Jonathan W. White, a prizewinning Civil War historian, finds in Oaksmith’s spectacularly misguided life both a gripping yarn set far from the battlefields and a way to dramatize Lincoln’s determination to eliminate the African slave trade.... The astonishing stories in Shipwrecked ... [offer] a fresh perspective on the mess of pitched emotions and politics in a nation at war over slavery.
— The New York Times
Historian White’s biography of nineteenth-century mariner Appleton Oaksmith vividly chronicles a life of adventure. Oaksmith sailed to China at 16, witnessed the California Gold Rush, foiled a mutiny on his ship, escaped attack “by three thousand African warriors,” and was active in uprisings in Nicaragua and Cuba. During the Civil War, Oaksmith was convicted and imprisoned for modifying a whaling vessel for the transatlantic slave trade. He escaped and captained a Confederate blockade runner and fled to Cuba and then England. Returning to the U.S., he was pardoned by President Grant. As context for Oaksmith’s life, White immerses readers in his world, elucidating how New York and New England were “hubs for slave trading”; efforts to end the slave trade by Lincoln, Secretary of State Seward, and other officials; and post-Civil War politics and society. Oaksmith’s parents, Seba and Elizabeth, were abolitionists and progressives, with Elizabeth energetically advocating for women’s rights.
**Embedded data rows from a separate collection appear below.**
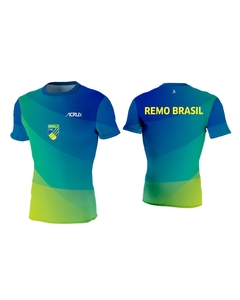 Camisa de Compressão Remo Brasil Competição Manga Curta Masculina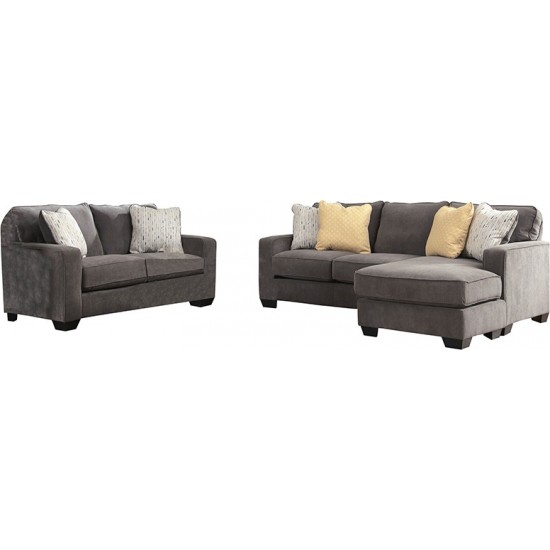 Signature Design by Ashley Hodan Living Room Set in Marble Microfiber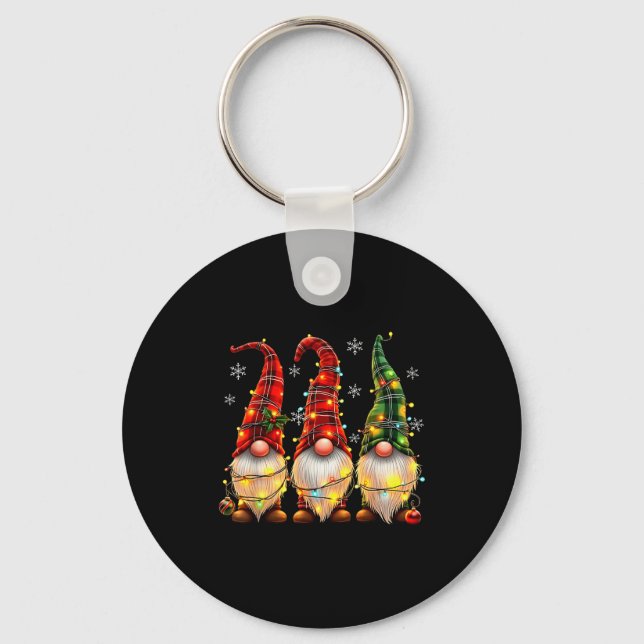 Three Gnomes Men Women Buffalo Plaid Red Christmas Key Ring (Front)
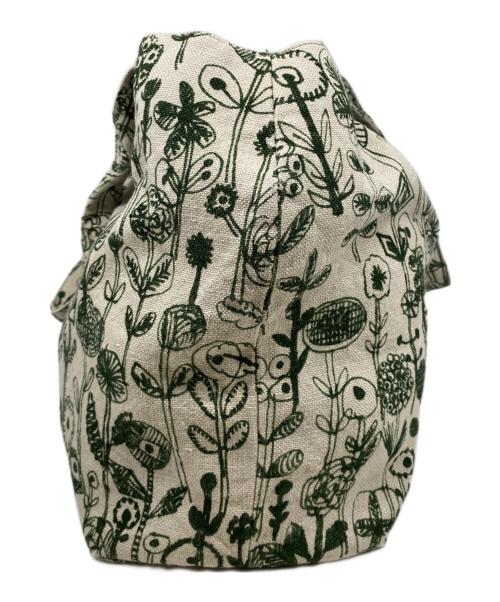 mina perhonen（ミナ ペルホネン）mina perhonen (ミナ ペルホネン) レターオブフラワートート ベージュ×グリーンの古着・服飾アイテム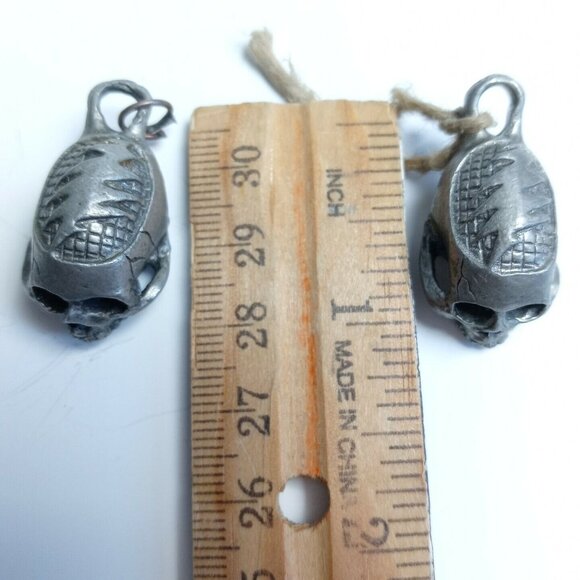 Skull Bead Pendant Charm Gothic Punk Rock Silver Metal Biker Pewter - Picture 8 of 8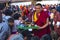 People receive blessing from Buddhist monk after feast day , Bhutan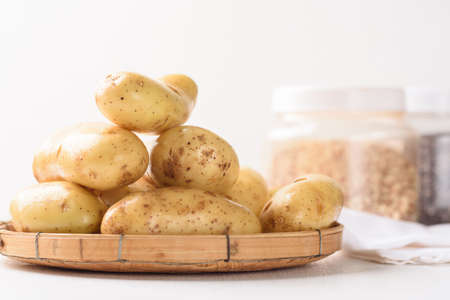 Potatoes are a plant-based food in a healthy vegan diet.の写真素材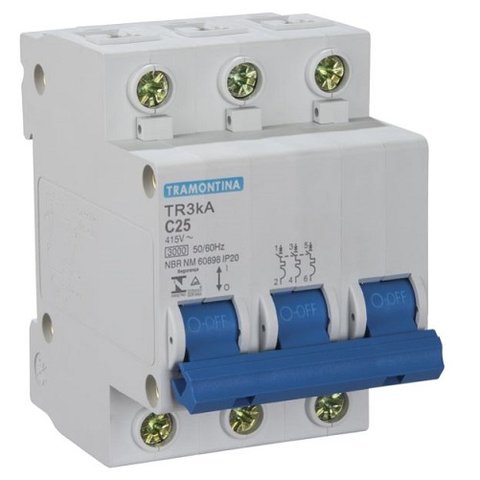 Disjuntor Din Tr3Ka Tripolar C 25A Tramontina - Unico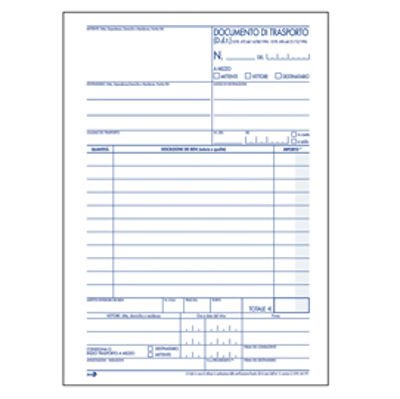 Immagine di DOCUMENTO DI TRASPORTO 150x225mm 50fgx3 copie(mitt-dest-vett) BM [0100401]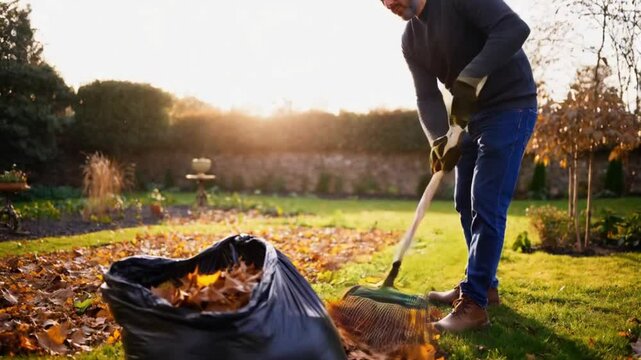 Man raking fallen autumn leaves into bag in garden at sunrise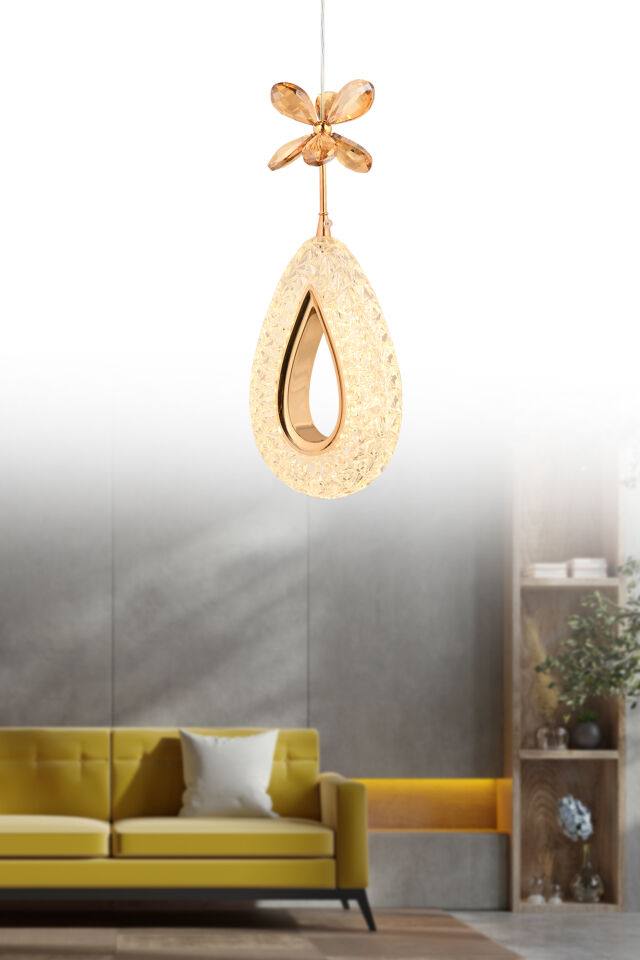 Hera Tekli Gold 3 Renk Ledli Avize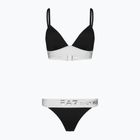Costume da bagno due pezzi da donna EA7 Emporio Armani Water Sports BW Maxi Logo bianco/nero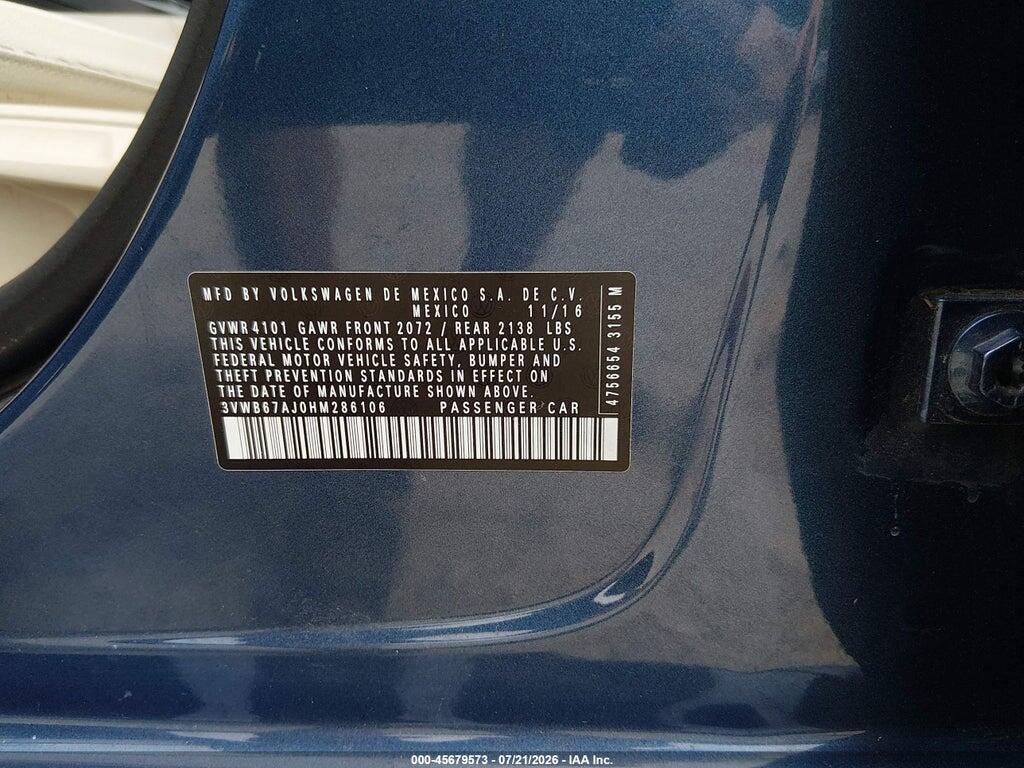 3VWB67AJ0HM286106 2017 VOLKSWAGEN JETTA photo no. 9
Despite extensive research, White could not determine why Oaksmith rejected his family's values to participate in the slave trade. A distinctive, exciting, and provocative perspective on the Civil War era.
— Booklist
White (A House Built by Slaves), a professor of American Studies at Christopher Newport University, provides a finely grained biography of sea captain Appleton Oaksmith (1828–1887). A “seafarer, poet, jailbird, convict, escapee, exile, and expat,” Oaksmithʼs life “touched some of the most important moments in nineteenth-century American history,” writes White, such as first-wave feminism, the Atlantic slave trade, and Southern schemes to seize Cuba and Nicaragua. His parents, Seba Smith and Elizabeth Oakes Smith, were notable literary figures in New York City, and Elizabeth, who is as much the subject of the book as her son, was “a leader in the women’s rights movement.” A life at sea brought Oaksmith little financial success; accused of fitting out his ship as a slaver, in 1861 he was imprisoned in Fort Lafayette in New York Harbor. Oaksmith—who maintained his innocence—escaped and sailed to Cuba. He eventually returned to the U.S. and was elected to the North Carolina general assembly. Evocative and well researched, Whiteʼs narrative draws ample evidence from archival sources, including the journals Oaksmith kept at sea. It’s an immersive account of a man who was not always likable but whose turbulent life sheds light on the nooks and crannies of the Civil War era.
— Publishers Weekly
Oaksmith needed a biography and it’s first rate. Rarely does a book cover so many themes central to 1800s U.S. history with such style.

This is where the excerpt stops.